It looks, and sounds, so easy when I hear others talking about/see others living their lives. Their clean and tidy houses, their well-behaved children who don’t climb on to the table and lunge across to the other side of the room for a piece of cardboard they’ve been cutting for centuries to make their dream train out of… Their lovely jobs and summer holidays and dream car and perfect husband/wife/cat/duck…
Social media platforms, casual chats outside school, at the pool, at the kids swim lessons, .. it all seems too good to be true. Am I the only one who’s life isn’t all pieced together like some Millennium Falcon Lego masterpiece? (I totally had that together once, until some kid walked in and stood right on top of it … Yep, my life!!) We have progressed into a culture where it’s too easy to self-compare – and half the time what you see isn’t even any form of reality, anyway! So why does it get to me (and so many others) so much?
Don’t get me wrong, I adore the people who fill my life. I am surrounded by the most beautiful friends and family, acquaintances, clients … but something always feels missing. I have come to the conclusion that my brain sometimes forgets to colour in colour. It seems to choose the black and white crayons, and runs with them.
Everyone else gets the coloured crayons, and I’m sitting over here like ‘ummmm, excuse me, how come I’m not as strong/fierce/confident/brave/clever/colourful as you, colourful-pants over there?!
My previous Post Natal Depression post has a great deal to do with this. The PND cloud that followed me around like a thunderstorm that wouldn’t buzz off took away my coloured crayons, and left me with the inner strength of a box of battered charcoal. Not. Cool.
But I can tell you this. Once I began letting colour and light back into my life, largely through painting, the thunderstorm began to float away. It lingers, a lot of the time, even now, but I am fully aware that unless I nurture and refill the box, my crayons will stay broken, still and colourless.
It’s so important to realise that everyone is busy fighting their own battles, in some way shape or form. Let’s not forget to check their box is full of coloured crayons, too.
It’s funny how many people think that because I paint Superheroes, I must be a Superhero fan. I didn’t start out that way at all. I found a connection with Wonder Woman for her strength and kindness – I was in awe of it, quite honestly. Her world seemed as though it was bursting with colour, adventure and selflessness. All the things I felt I was lacking. I felt like I had nothing left to give. She gave me so much strength, it’s hard to put into words!

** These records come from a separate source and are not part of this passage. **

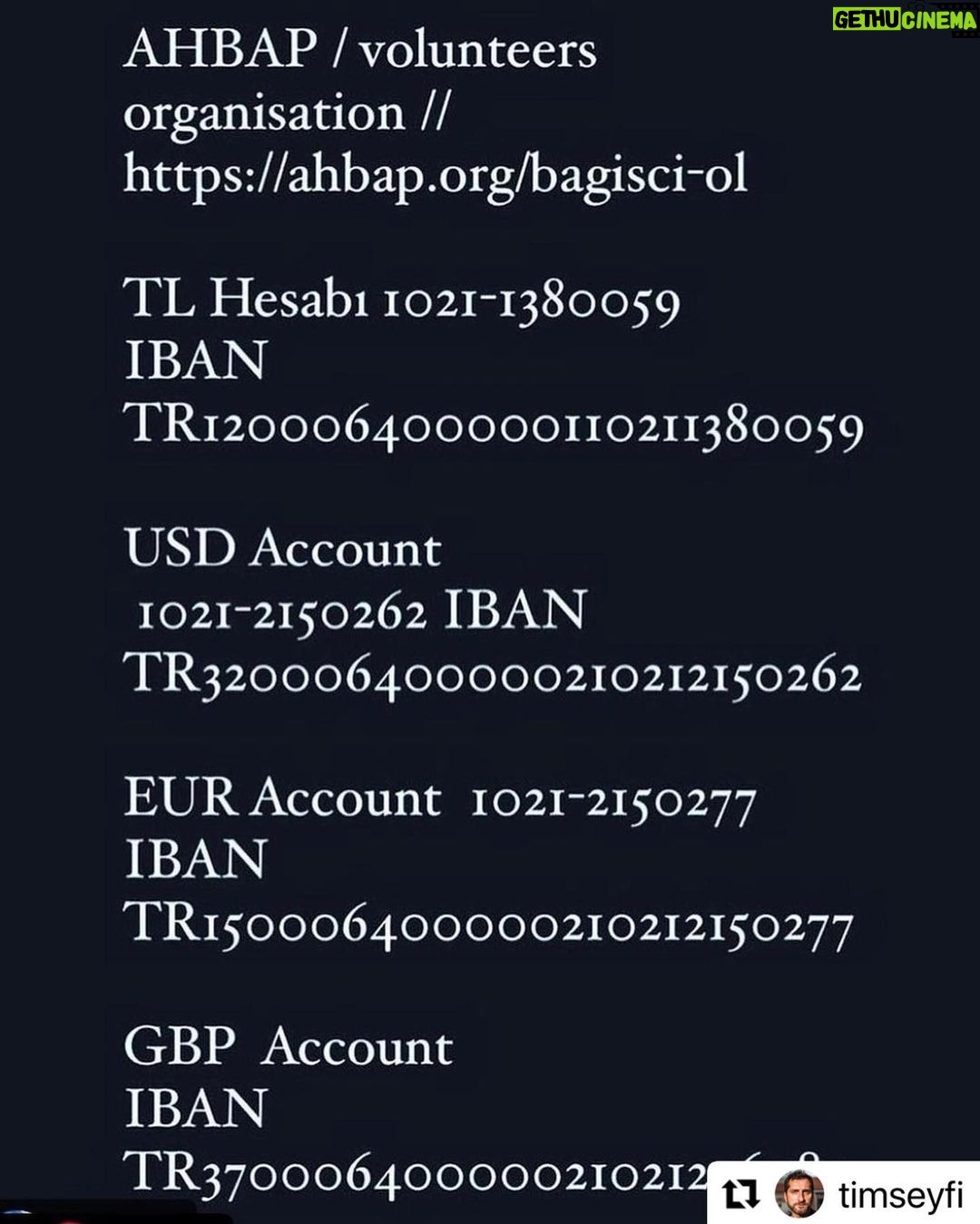 Murat Boz Instagram - #Repost @timseyfi ・・・ Links to reliable organisations where you can send money and make your donations for the millions of now homeless people massively affected by the horrific earthquake in Turkey and Syria. AHBAP ahbap.org/bagisci-ol AKUT akut.org.tr/bagis-yap The White Helmets whitehelmets.org Thank you very very much. Be blessed! 🙏🙏❤️❤️ @ahbap @akut @the_whitehelmets #turkiye #turkey #syria #earthquake #deprem #solidarity #humanity #helpturkey #helpsyria PS: and not to forget, thank you to the football club Türgücü München @turkgucu_munchen for organising the collection of essential goods for the suffering people in the affected regions. Helal olsun arkadaşlar! 🙏❤️🧿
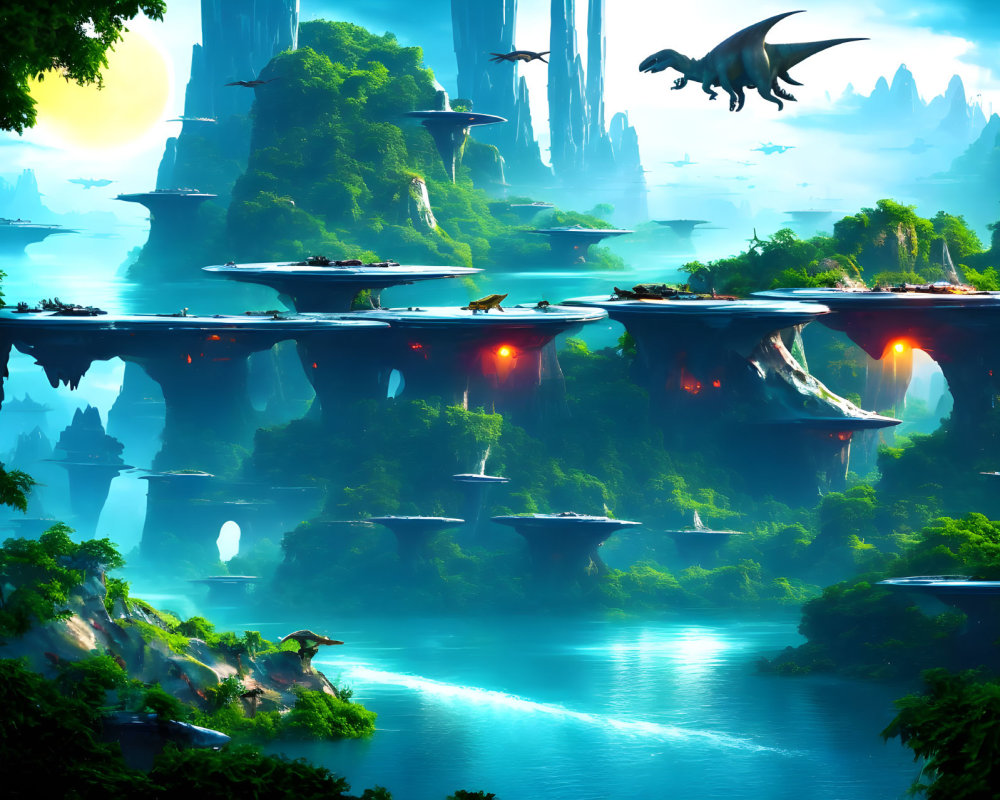 Fantastical landscape with rock formations, bridges, waterfalls, and flying dragons at sunset.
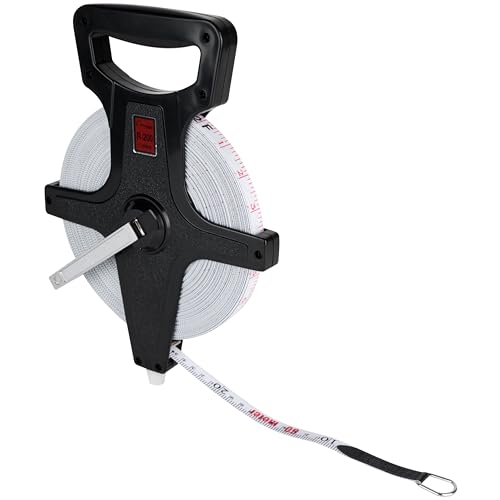 Champion Sports Open Reel Measuring Tapes – Durable Hand Crank with Metal Spike, Dual-Sided Feet & Meters, Perfect for Track & Field and Long Jump, 200 Feet/60 Meters - size: 60 m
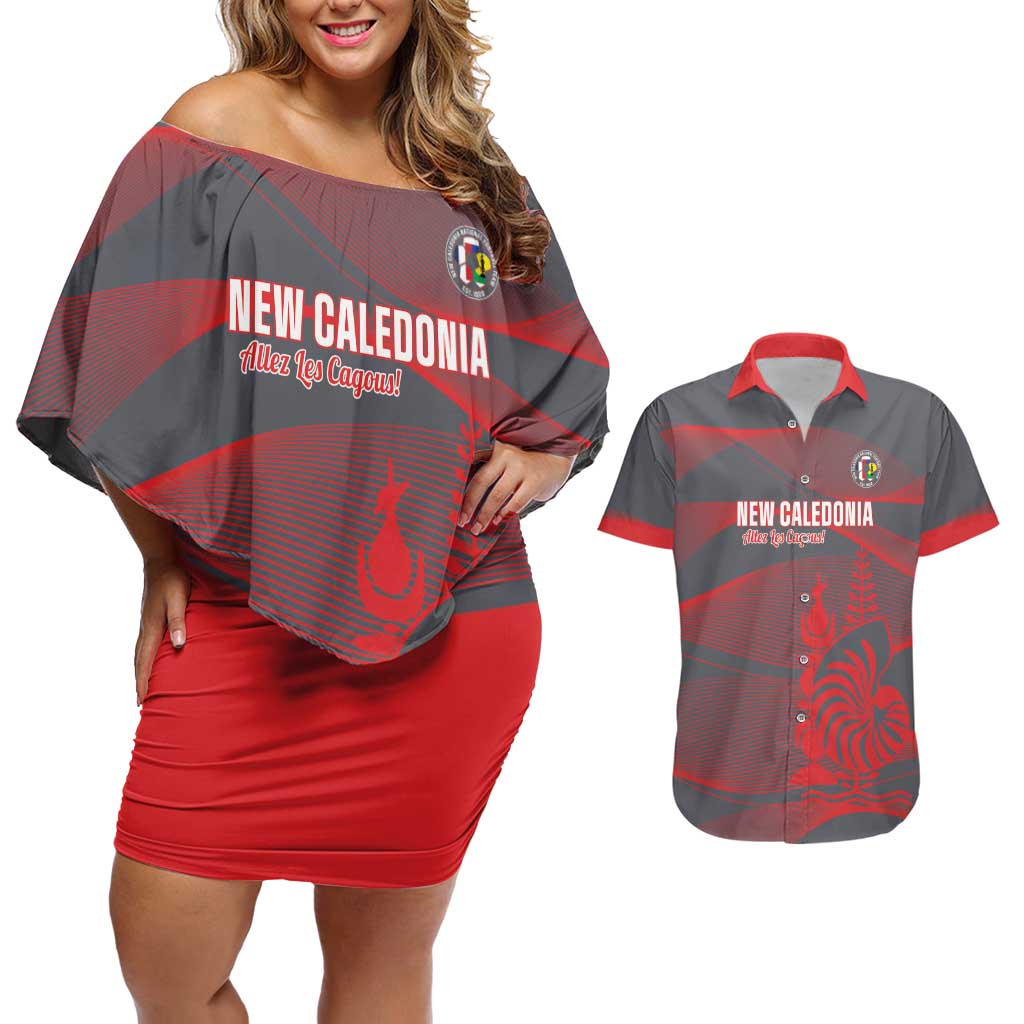 Custom New Caledonia Football Couples Matching Off Shoulder Short Dress and Hawaiian Shirt Allez Les Cagous Grey Version LT14 Grey - Polynesian Pride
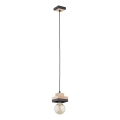 Luster na lanku LARSO 1xE27/15W/230V crna/bež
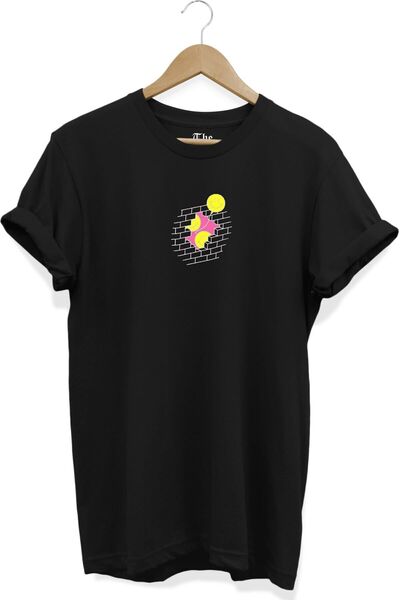 The Baski Crni unisex emotikon osmeha Štampano Cool kratki rukav T-shirt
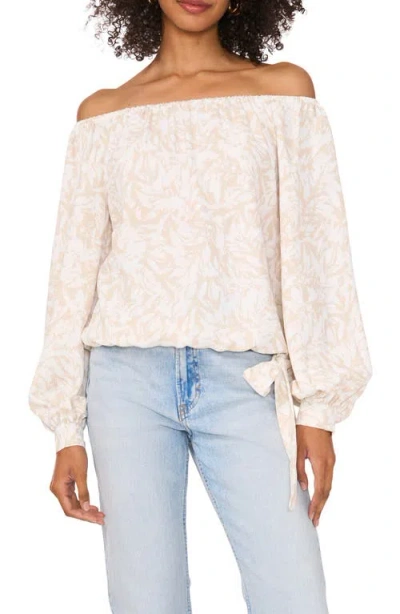 Vince Camuto Floral Off The Shoulder Long Sleeve Top In Natural Sand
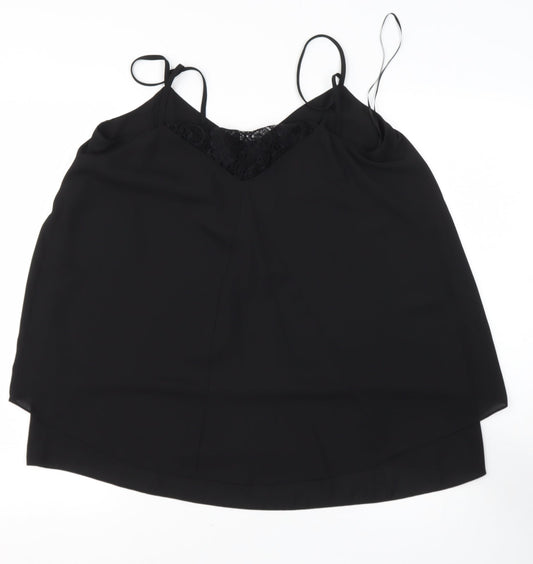 Coast Womens Black Polyester Camisole Blouse Size 10 V-Neck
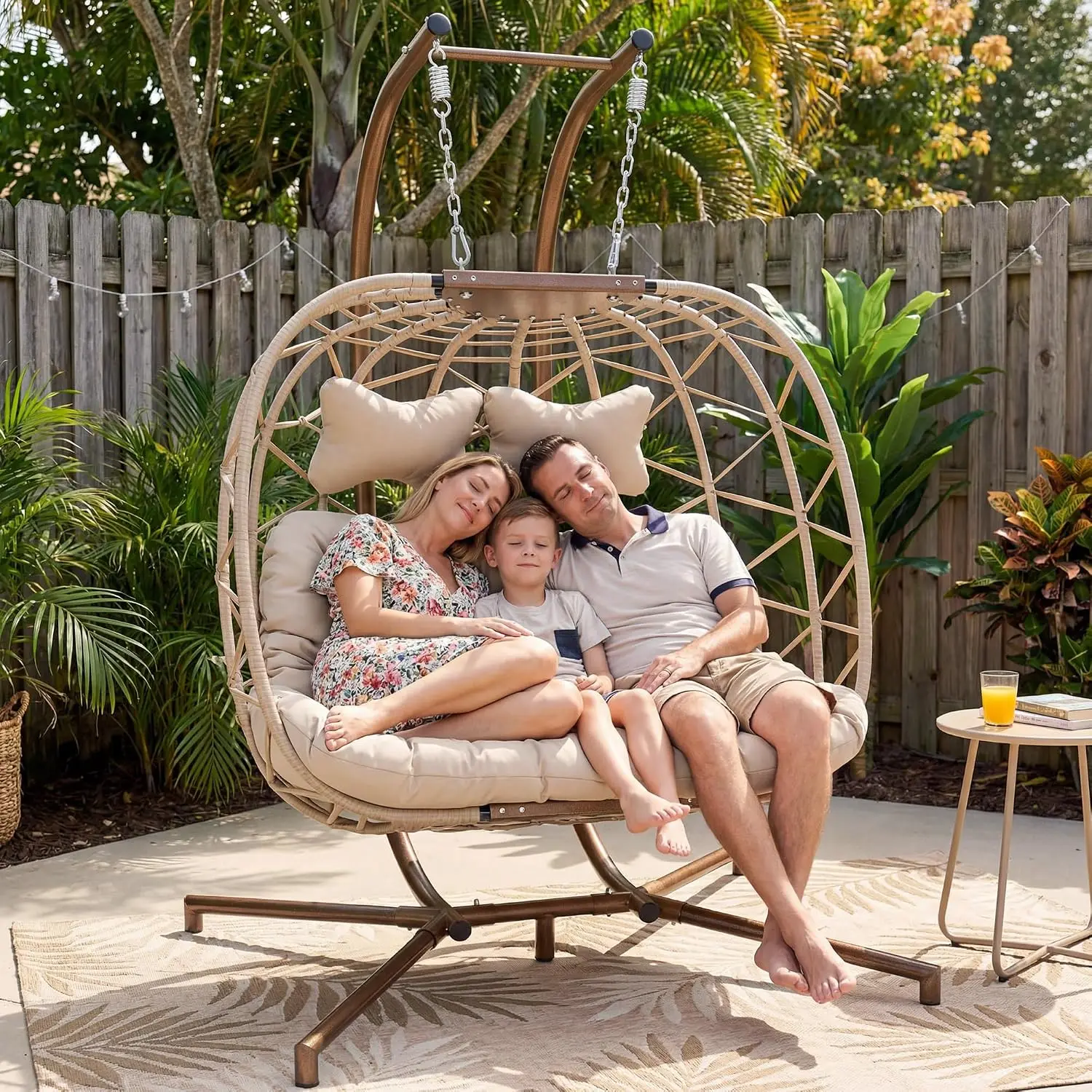 Double Egg Swing Chair with Stand,Foldable Wicker Loveseat with 5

I continue to paint Supers to not only nurture my own personal growth and self-care, but for others, too. To know that my paintings fill other peoples lives with colour and light, it makes me feel like this wasn’t – isn’t – all for nothing. Even my children remind me daily of how much they love my work. They run into the studio after school to see what progress I have made. This drives me forward each and every day, reminding me that they are rooting for me, so I should really be rooting for myself, too 🙂
Go and tell/text/email/sing to someone today how much you admire them, love them, respect them. Oh, and don’t forget to tell yourself whilst you’re at it!